Comparisons with other cases
[102] We accept that other cases must be approached with caution, and that ultimately the s 8(1)(c) discretion is very fact-specific. However Kakis and other English decisions are regularly recognised as containing authoritative propositions in New Zealand, and we have been referred to a considerable number of other cases by counsel, some of which we accept have some relevance.[61]
[103] It has been noted that the discretionary refusal of surrender between Australia and New Zealand is not unheard of. We have been referred to two Australian cases, which turn on the existence of representative charges in New Zealand, where extradition to New Zealand has been refused.[62]
[104] We have not been referred to any extradition case in the Commonwealth which deals with the departure of a child from a jurisdiction where the child is alleged to have offended, and after a lengthy delay, prosecution as an adult. However in this regard Ms Hogan placed reliance on the decision of F(B) v Director of Public Prosecutions, concerning a stay of prosecution.[63]
[105] This was a decision of the Supreme Court of Ireland, on appeal from a High Court decision refusing judicial review. The appellant was a child at the time of the alleged crime, aged 14. The offences were oral and anal rape with sexual assault upon two girls aged seven and six. The offending occurred in Ireland in April/May 1995. The appellant was first interviewed in June and August 1995. In September 1995 he openly moved to London with his mother. Around March 1996 his mother was advised by the police that they would be pursuing the appellant and that an application for that purpose would be made to the local District Court in London.
[106] On 22 November 1996 the appellant’s family were told that an application for extradition had been made. The appellant was ultimately delivered to Ireland on 12 August 1998 and then brought before the District Court. It appears from the Irish report that there was no contested extradition hearing in London. Ultimately it was held in the Supreme Court that although prejudice was not proved, the proceedings should be stayed. The Court held:[64]
To some extent by analogy, I also take the view that in the case of a criminal offence alleged to have been committed by a child or young person as in this case there is a special duty on the State authorities over and above the normal duty of expedition to ensure a speedy trial, having regard to the obvious sensitivities involved.
[107] It was held that the period of two years and nine months ought not to have been allowed to elapse. There was altogether unnecessary delay in relation to the extradition. The appeal was allowed and there was an injunction against the Irish authorities from proceeding with the prosecution.

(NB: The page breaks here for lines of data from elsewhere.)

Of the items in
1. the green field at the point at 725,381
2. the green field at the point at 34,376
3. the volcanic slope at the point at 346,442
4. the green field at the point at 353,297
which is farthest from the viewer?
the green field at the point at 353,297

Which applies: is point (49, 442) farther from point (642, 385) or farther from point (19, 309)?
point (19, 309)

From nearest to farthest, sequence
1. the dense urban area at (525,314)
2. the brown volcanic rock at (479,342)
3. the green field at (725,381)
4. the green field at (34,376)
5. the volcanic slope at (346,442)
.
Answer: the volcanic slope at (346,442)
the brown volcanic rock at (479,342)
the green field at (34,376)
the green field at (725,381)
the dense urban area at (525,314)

[108] Ms Hogan relied on this case as showing that extradition does still take place when there has been delay. However, we would make two observations. First, for whatever reason, extradition does not appear to have been contested in England. Second, it is significant that the Irish Supreme Court considered a delay of approximately half the duration of the delay in this case as warranting a stay, and placed particular emphasis in that regard on the alleged criminal offending having been committed by a child or young person. The Court saw, as we do, that where a child is involved there is a special duty on state authorities over and above the normal duty of expedition to ensure a speedy trial.
[109] While the case indicates that there is a real possibility that an Australian court may stay the proceeding against Mr Curtis in any event, we do not see that factor as counting strongly against the exercise of the s 8(1)(c) discretion in this case. For all the reasons that we have outlined, the very act of extradition, which involves taking Mr Curtis away from his home, family and partner to what is likely to be imprisonment on remand in Australia, is a most significant hardship on its own, even if there will ultimately be a stay.

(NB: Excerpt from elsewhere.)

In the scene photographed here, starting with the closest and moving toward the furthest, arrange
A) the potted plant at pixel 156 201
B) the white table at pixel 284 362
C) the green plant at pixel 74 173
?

[110] In R on the application of Cepkauskas v District Court of Marijampole Lithuania extradition was refused under the equivalent of s 8(1)(c) on the basis of oppression.[65] The appellant was 19 at the date of the alleged offences, which involved four charges of stealing motor vehicles and one charge of intentionally kicking and hitting two different men. Thirteen to 14 years went by before the extradition proceedings were commenced. Extradition was held to be oppressive. It was observed by Burnett J:[66]

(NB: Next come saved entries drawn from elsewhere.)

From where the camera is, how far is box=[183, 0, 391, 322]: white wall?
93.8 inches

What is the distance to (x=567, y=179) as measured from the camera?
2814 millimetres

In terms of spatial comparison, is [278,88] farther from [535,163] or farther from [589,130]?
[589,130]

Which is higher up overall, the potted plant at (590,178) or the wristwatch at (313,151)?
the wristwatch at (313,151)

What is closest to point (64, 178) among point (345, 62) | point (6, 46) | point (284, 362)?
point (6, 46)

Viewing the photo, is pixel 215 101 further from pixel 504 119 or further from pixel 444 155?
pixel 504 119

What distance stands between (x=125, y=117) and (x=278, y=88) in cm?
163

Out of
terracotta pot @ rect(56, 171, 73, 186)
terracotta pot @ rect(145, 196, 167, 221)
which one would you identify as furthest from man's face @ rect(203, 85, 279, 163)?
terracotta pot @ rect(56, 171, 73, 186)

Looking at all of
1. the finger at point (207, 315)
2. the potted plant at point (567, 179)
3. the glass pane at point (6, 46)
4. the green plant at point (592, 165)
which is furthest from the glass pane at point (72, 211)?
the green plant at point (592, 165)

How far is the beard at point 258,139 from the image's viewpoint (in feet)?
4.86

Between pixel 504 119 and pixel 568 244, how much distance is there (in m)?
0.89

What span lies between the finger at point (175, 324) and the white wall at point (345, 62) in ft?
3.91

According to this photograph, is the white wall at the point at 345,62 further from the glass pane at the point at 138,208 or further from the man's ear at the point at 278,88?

It is proper in this case, in my judgment, to conclude that the appellant has truly been lulled into a false sense of security as a result of the inaction on the part of the Lithuanian authorities. The offences are described by the Lithuanian authorities as of “average gravity” so far as the car thefts are concerned, and “minor gravity” so far as the other alleged offences are concerned. This is not one of those cases in which the very serious nature of the alleged offences weighs heavily against a finding of oppression.
[111] He then referred to “the additional factor of the appellant’s youth at the time of the commission of the alleged offences in 1997”.[67] We accept that the charges in that case were less serious, but the observations on lulling the appellant into a false sense of security and inaction by the prosecuting authorities are relevant.
[112] In Steblins v Government of Latvia the High Court refused to intervene and exercise its discretion where the defendant had been 17 at the time of the offending in February 1996.[68] However it was noted that the applicant, who was then 18, left Latvia deliberately breaking bail conditions without giving the authorities any clue as to his whereabouts. There was some delay before he was discovered to be in the United Kingdom. An extradition request was made in February 2001, but an arrest warrant was not issued until August 2005. The differences between that case and the present are obvious. The applicant was an adult when he left the jurisdiction and he left deliberately, in breach of his bail conditions.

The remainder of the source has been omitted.